LIGAMENTOUS INJURIES OF THE FINGERS AND THUMB Anatomy
The metacarpo-phalangeal joints are of the condyloid variety, each having a palmar and two collateral ligaments . In the fingers, side-to-side movements of the thumb metacarpo-phalangeal joint are much more restricted. The palmar ligaments are of thick, dense fibrocartilage attached on either side to the collateral ligaments, loosely to the metacarpal and firmly to the phalangeal bases. In addition they blend on either side to the deep transverse ligaments of the palm and their sides give attachments to the fibrous flexor tendon sheaths.
Sprain of the collateral ligaments of the metacarpo-phalangeal joints Sprains of the collateral ligaments are common in the thumb, but less common in the finger metacarpal joints. The former lead to continued pain and swelling which constitutes a severe handicap to thumb usage in gripping and untoward sudden sideways strains. Patients should be warned of these continued effects. In the initial stages it is often better to protect the ligaments by a small splint made from three to four sheets of plaster of Paris moulded directly on to the thumb, maintained for two to three weeks; later, continued pain can be lessened by an injection of hydrocortisone around the joint. With metacarpophalangeal joint sprains, again they should be immobilised initially by a metal well-padded splint extending from the butt of the palm up to the distal joints of the finger for two to three weeks. These injuries seem not to have continued pain, as in the thumb collateral ligament joint sprains, and can be protected by immobilising with strapping to adjacent fingers.
Sprains of the proximal interphalangeal joint ligaments The collateral ligaments of the proximal finger joints appear especially vulnerable to sprains sustained mostly during body contact sports. The immediate swelling and pain may be more pronounced unilaterally and the finger joint should be tested for instability and x-rayed. During the painful initial stages it is wise to immobilise the joint for up to ten days, then mobilise the finger by gartering to the adjacent fingers. The patient should be warned of persistent swelling in the joint with some discomfort on movement .
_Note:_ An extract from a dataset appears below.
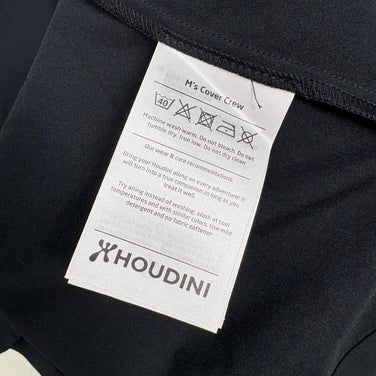 【Men's L Black】 Houdini Men's Cover Crew Long Sleeve 258694 true black z00058231 true black Synthetic Long Sleeve T-shirt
Collateral ligament rupture at metacarpo-phalangeal level With greater violence the collateral ligaments are prone to complete division. They usually rupture at joint line level but may be avulsed with bone fragments at either end; instability ensues and it is detected clinically by stressing laterally the affected joints.
The small and ring fingers would appear to be the most common fingers to be affected. Treatment for certainty should be operative, as conservative treatment cannot guarantee as good a result. In the author’s experience the resultant disability of instability where treatment was expectant weighs heavily towards operative treatment. Repair of the ligaments should be afforded by interrupted white silk and the fingers maintained at 60° flexion for three weeks. In the thumb, similar operative treatment is necessary where the most common injury is to the collateral ligament on the ulnar side. Non-operative treatment often leads to instability, an extremely disabling condition.
In those undetected ruptures and in long-term disability an attempt should be made to construct new collateral ligaments by free fascia lata grafts, although no absolute guarantee can be given to completely cure the instability. The only absolute cure, but which is difficult to obtain, is by metacarpo-phalangeal fusion in a position of function; thumb mobility being ensured by the basal carpo-metacarpal and terminal inter-phalangeal joints.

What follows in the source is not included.